*YOUR ASSIGNMENT*.
No pictures, please. Copy exactly the lines from the one with "Women's Short Sleeve" through the final line below.

*STORED DATA*.
⁂

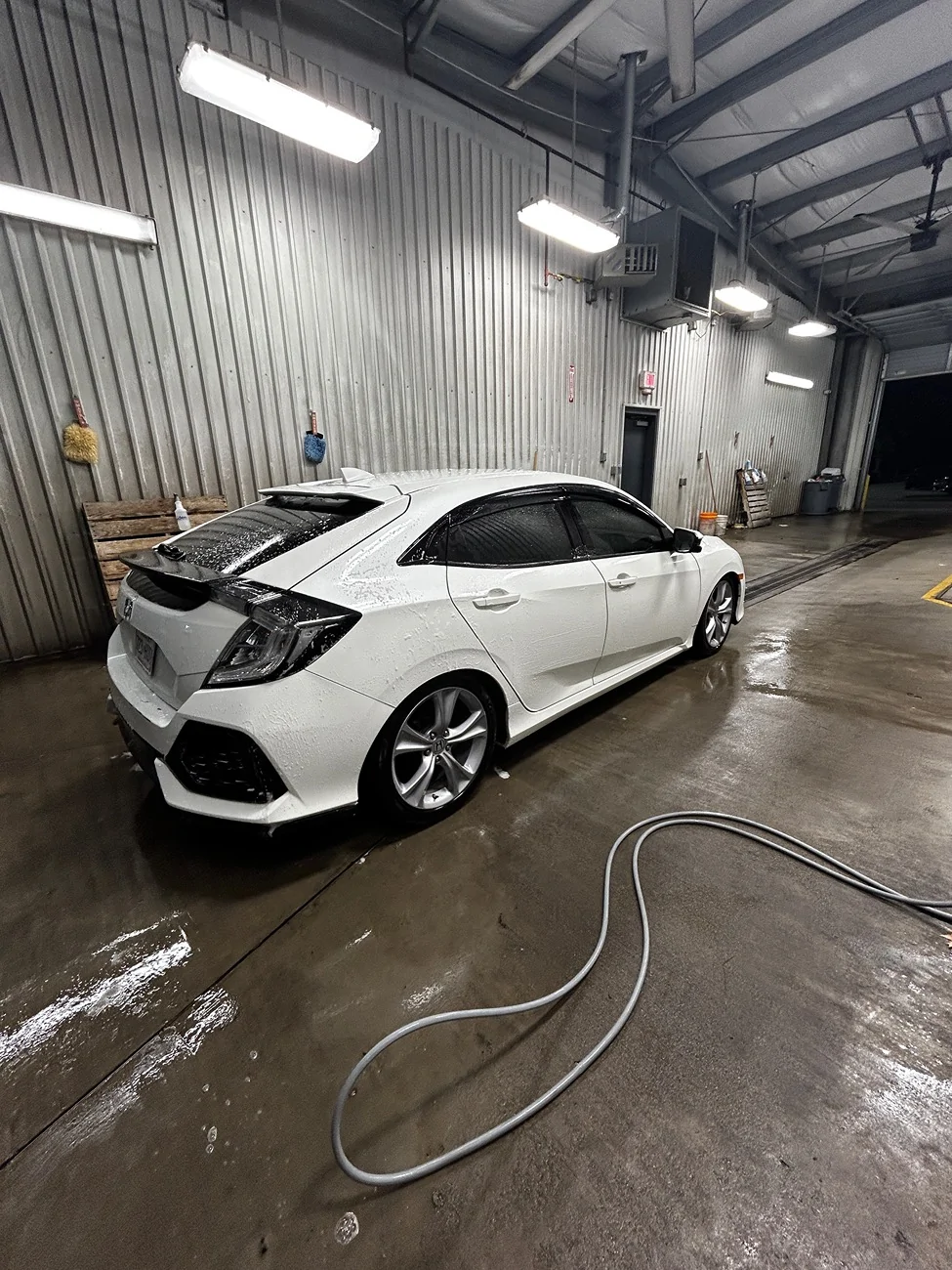 My 2018 FK7 | 2016+ Honda Civic Forum (10th Gen) - Type R Forum, Si ...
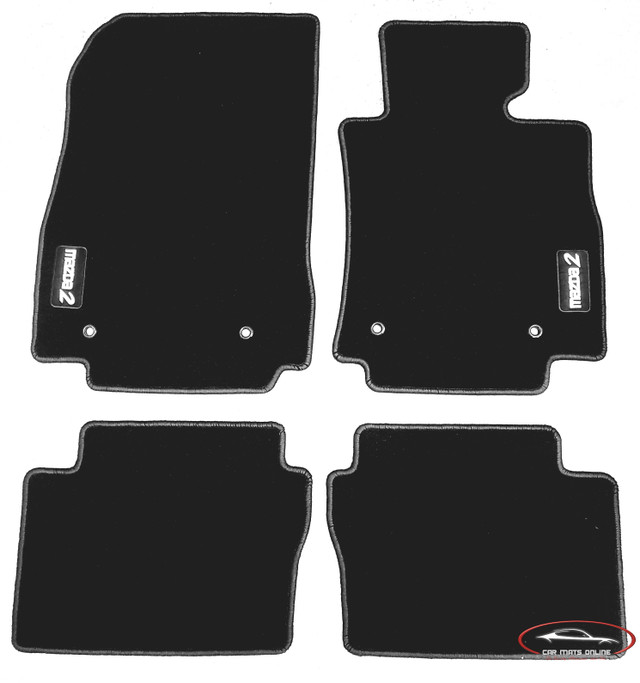 Mazda 2 Car Floor Mats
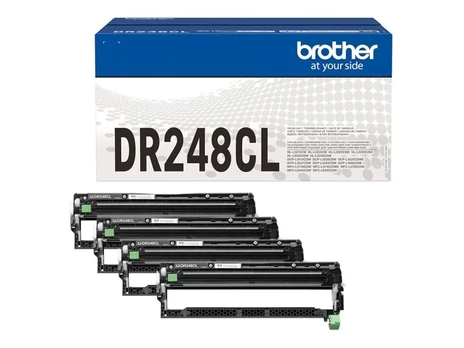 Brother DR248CL DRUM/CL TROMMEL + DIV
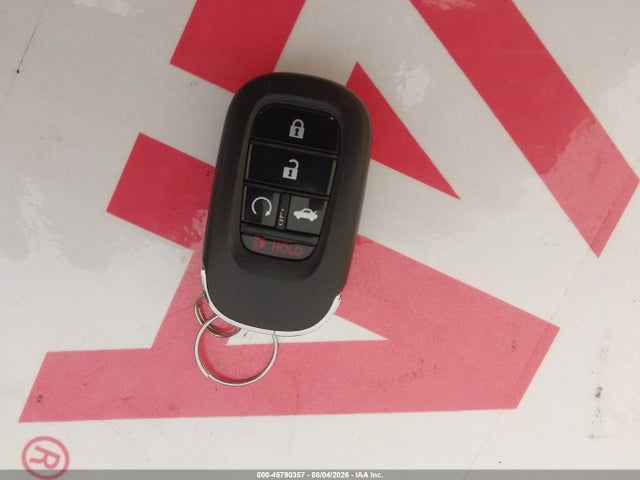 1HGCY2F74RA085763 Honda Accord Hybrid Sport-l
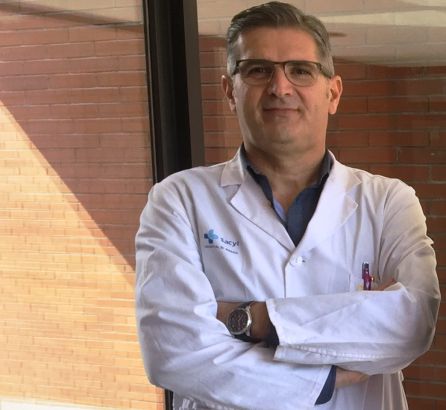 Gerente del área de salud Gerente del área de salud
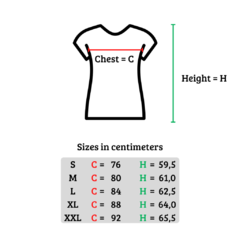 Women's Short Sleeve Compression Shirt (cópia) - Acrux 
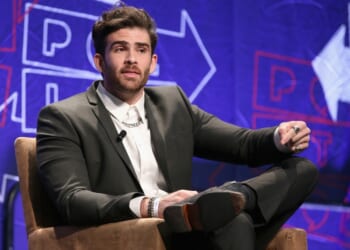 Progressive Pals of Hasan Piker Silent on Pro-Terrorist Streamer's Animal Abuse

⁂

*SOLUTION TO THIS EXERCISE*.
 Women's Short Sleeve Compression Shirt (cópia) - Acrux 
 Progressive Pals of Hasan Piker Silent on Pro-Terrorist Streamer's Animal Abuse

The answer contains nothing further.